**Required work:** For each entry, restate it word for word while omitting any image it holds.

Pictures with short captions:

--------------------------------

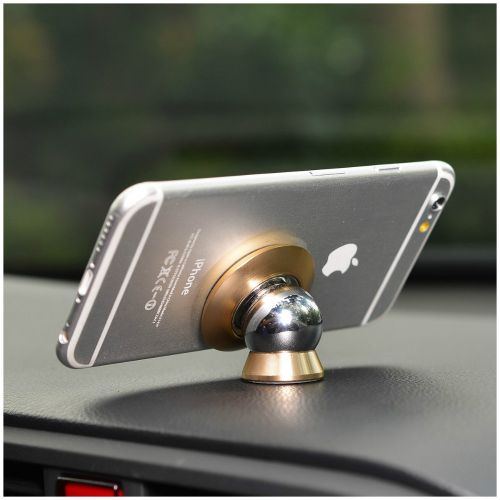 360 Degree Magnetic Car Holder For Mobile Phone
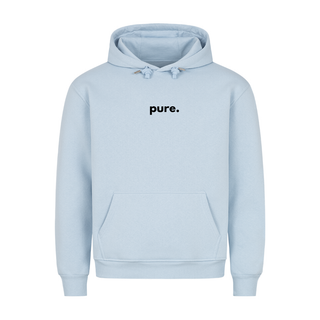 Pure. Hoodie x Free!ndeed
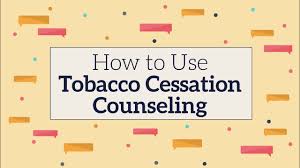 A temporary or complete stopping. How To Use Tobacco Cessation Counseling Youtube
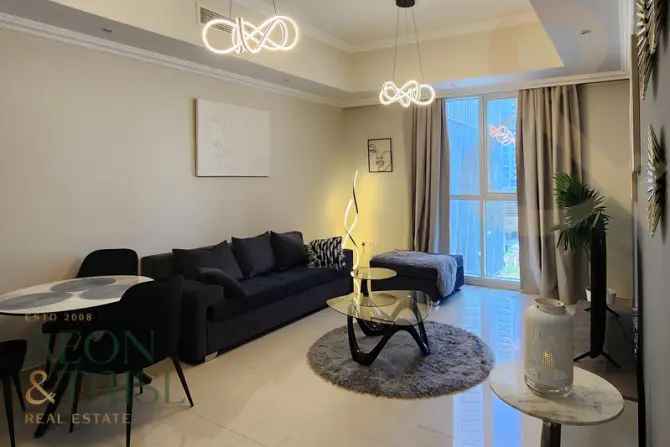 1 Bed Apartment For Sale in Dunya Tower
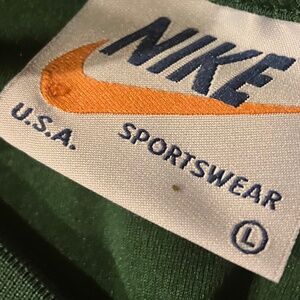 Men’s Nike x Cactus Plant Flea Market Size Large Green Jersey
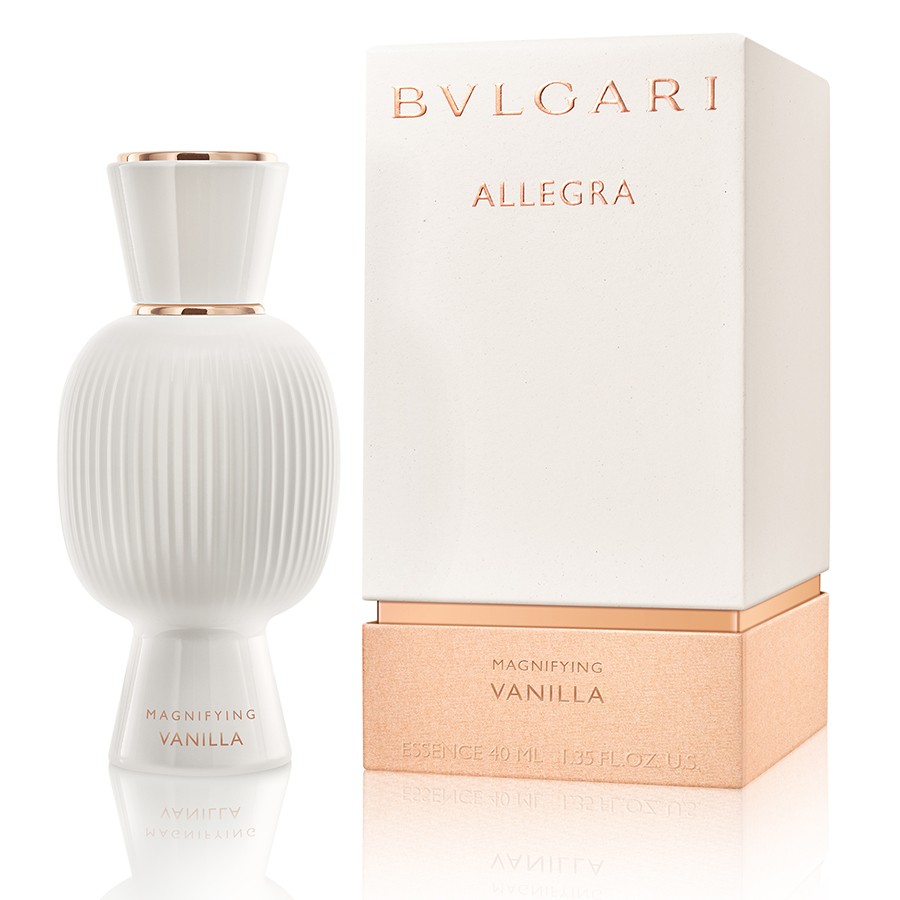 Bvlgari Allegra Magnifying Vanilla, edp 40ml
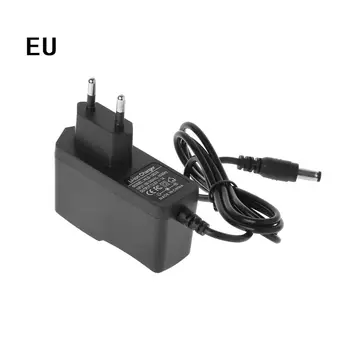 EU/US Plug 12,6 V 1A Lítiové Batérie, Nabíjačky 18650/Polymér Batéria, 100-240V 5,5 MM x 2.1 MM Nabíjačku S Drôtom Viesť DC X6HB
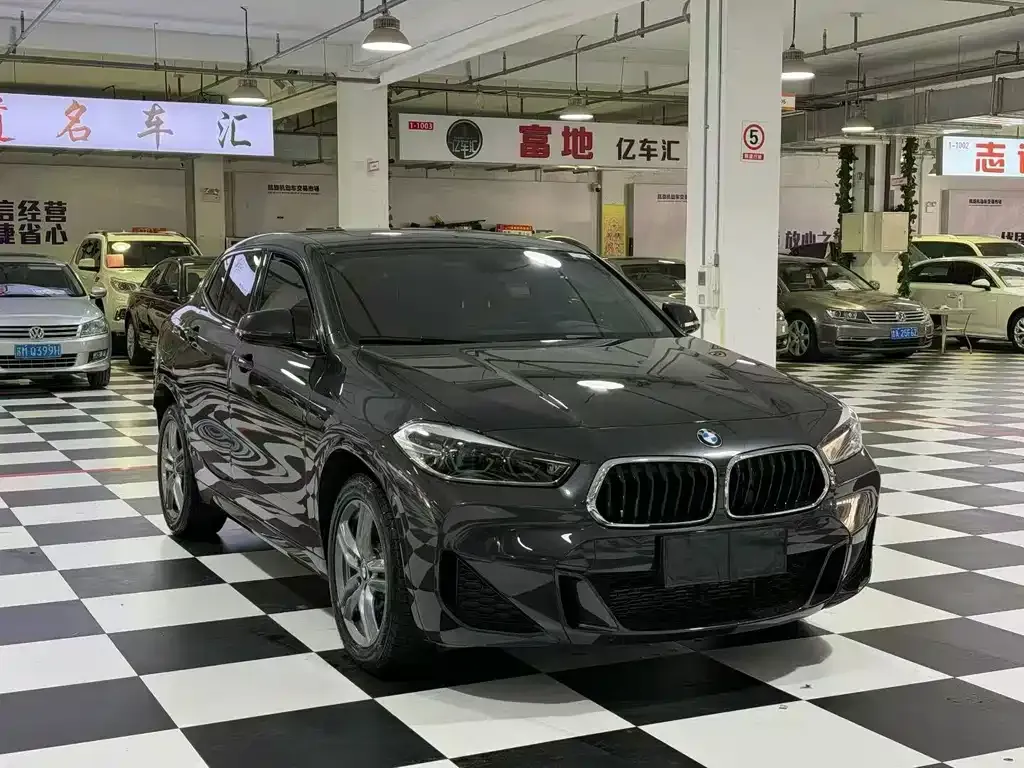 BMW X2 — фото 3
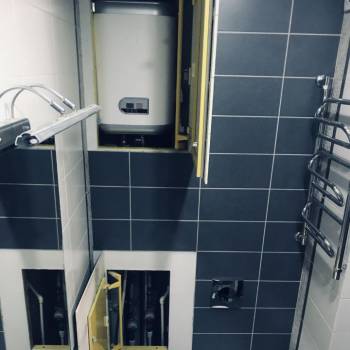 Сдается 1-комнатная квартира, 54 м²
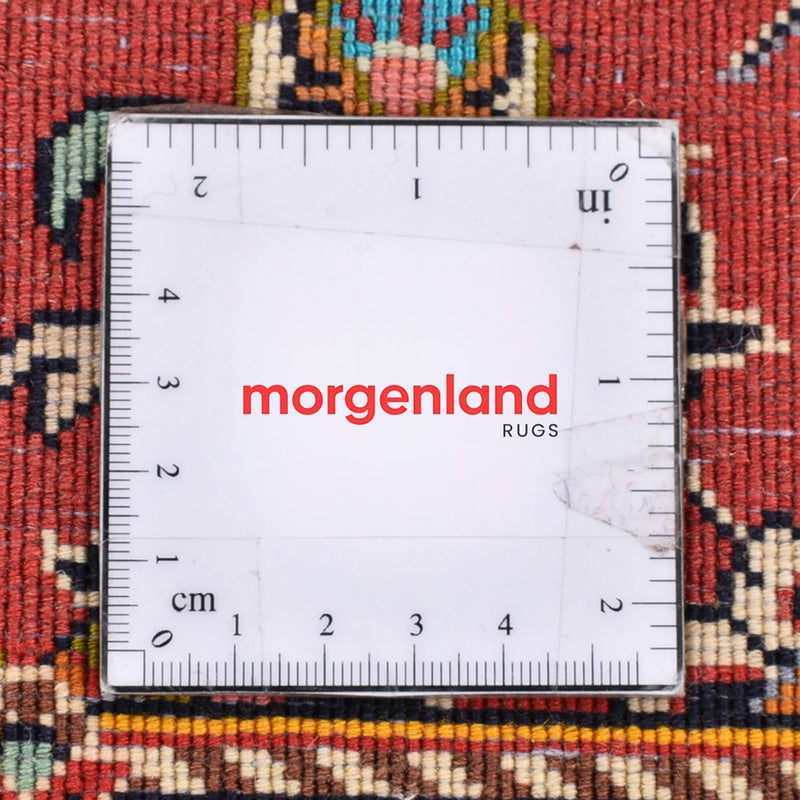 Perzisch tapijt - Keshan - 100 x 70 cm - rood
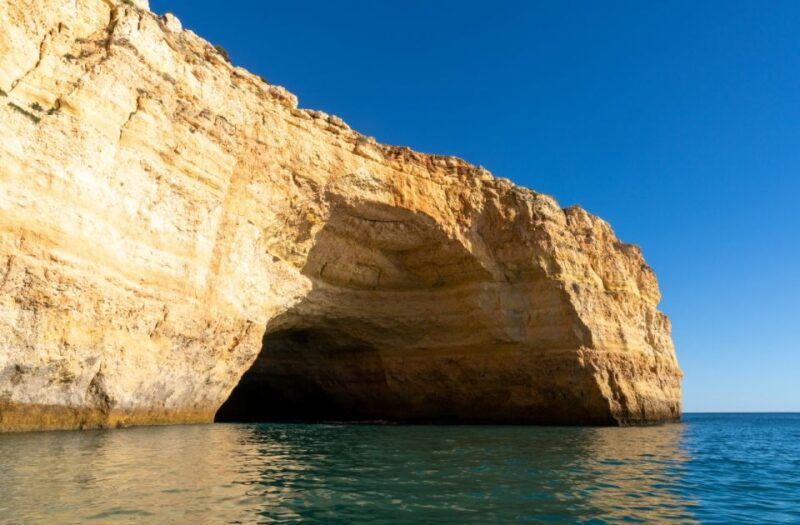 From Portimão: Benagil Sea Caves Boat Tour at Sunrise - What to Bring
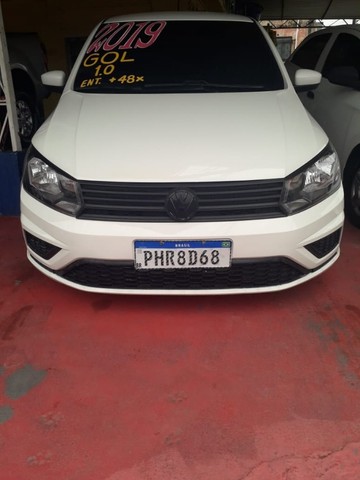 GOL G7 2019 ENTRADA RS- 10.900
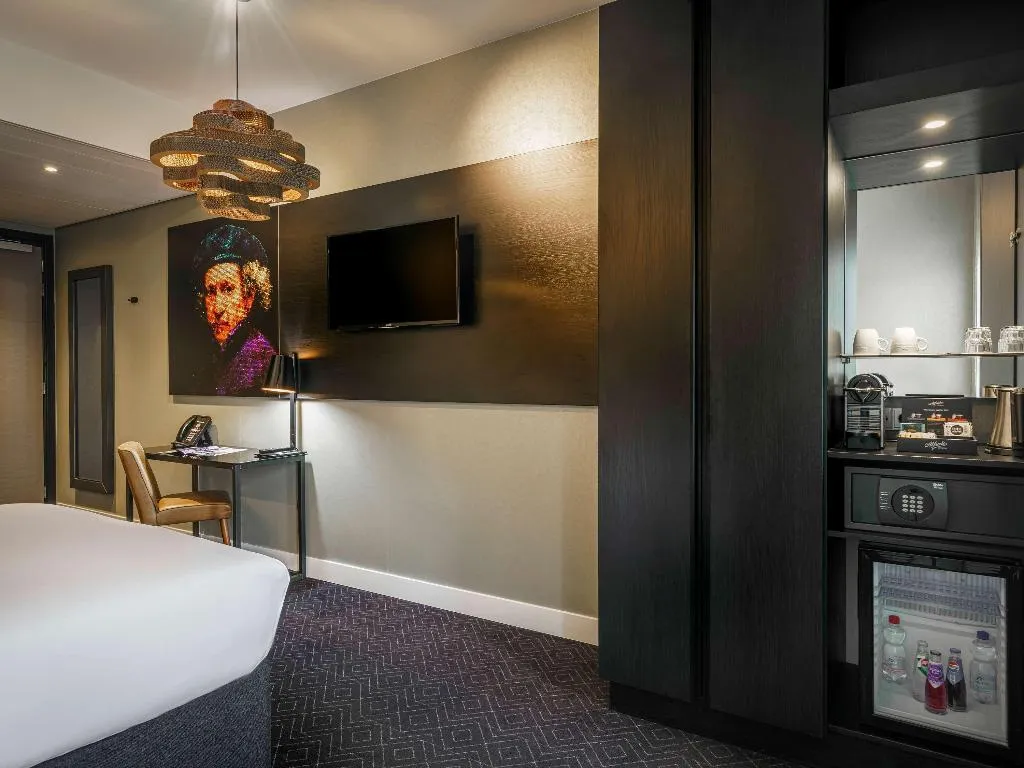 Room, Mercure Hotel Amsterdam Sloterdijk Station, Amsterdam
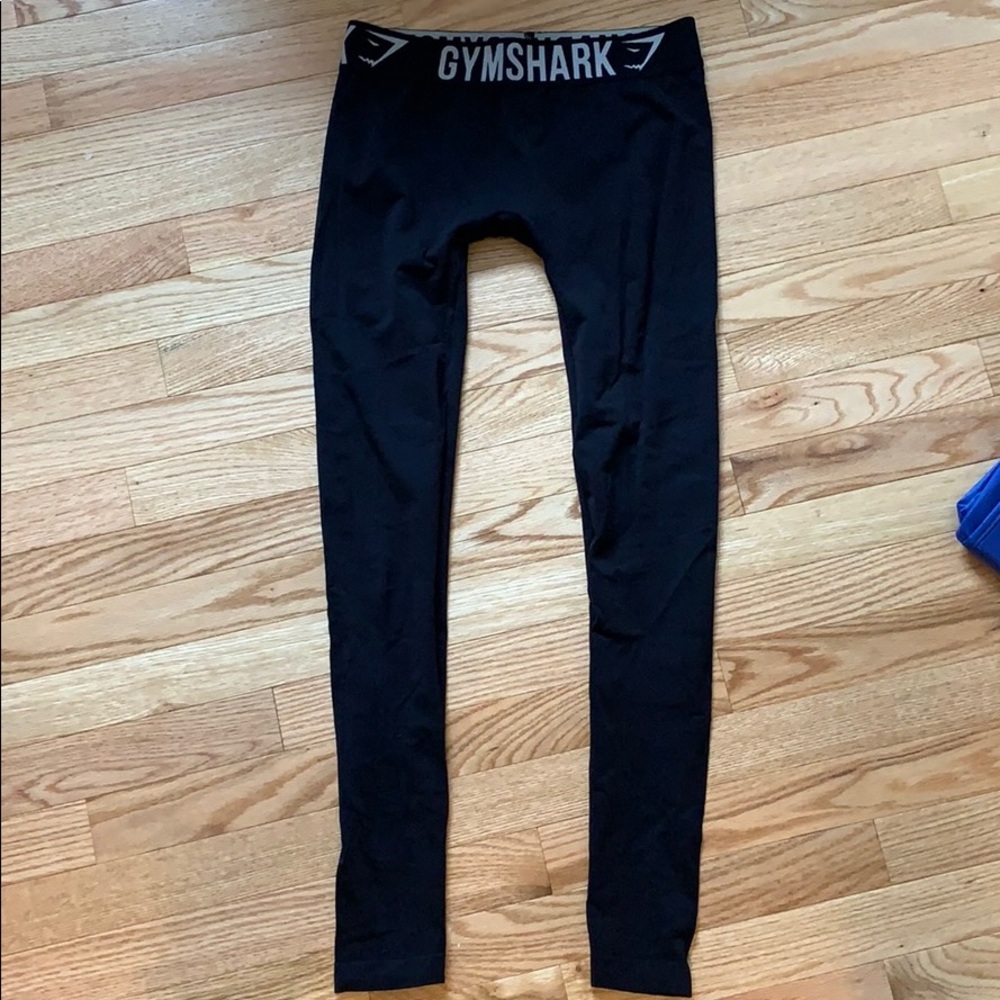 Black Gymshark Leggings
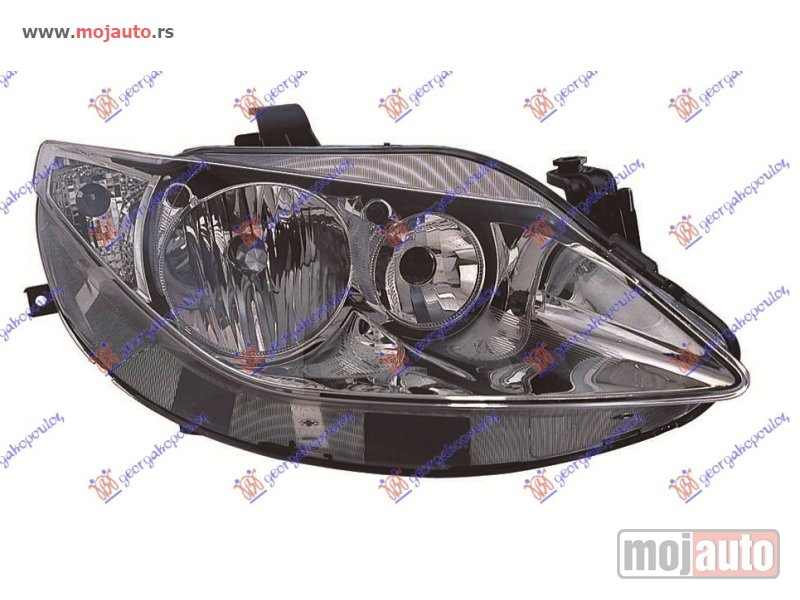 Glavna slika -  FAR (DUPLO SOCIVO) (TYC) Desno Seat ibiza 08-12 -dostupno - MojAuto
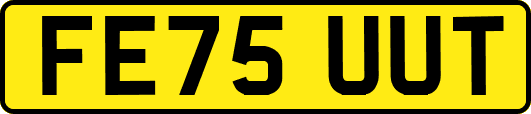 FE75UUT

--------------------------------

**Answer below:**
 360 Degree Magnetic Car Holder For Mobile Phone
 Pure. Hoodie x Free!ndeed
 A temporary or complete stopping. How To Use Tobacco Cessation Counseling Youtube
 1 Bed Apartment For Sale in Dunya Tower
 Men’s Nike x Cactus Plant Flea Market Size Large Green Jersey
 Bvlgari Allegra Magnifying Vanilla, edp 40ml
 EU/US Plug 12,6 V 1A Lítiové Batérie, Nabíjačky 18650/Polymér Batéria, 100-240V 5,5 MM x 2.1 MM Nabíjačku S Drôtom Viesť DC X6HB
 BMW X2 — фото 3
 Сдается 1-комнатная квартира, 54 м²
 Perzisch tapijt - Keshan - 100 x 70 cm - rood
 From Portimão: Benagil Sea Caves Boat Tour at Sunrise - What to Bring
 GOL G7 2019 ENTRADA RS- 10.900
 Room, Mercure Hotel Amsterdam Sloterdijk Station, Amsterdam
 Black Gymshark Leggings
 Glavna slika -  FAR (DUPLO SOCIVO) (TYC) Desno Seat ibiza 08-12 -dostupno - MojAuto
 FE75UUT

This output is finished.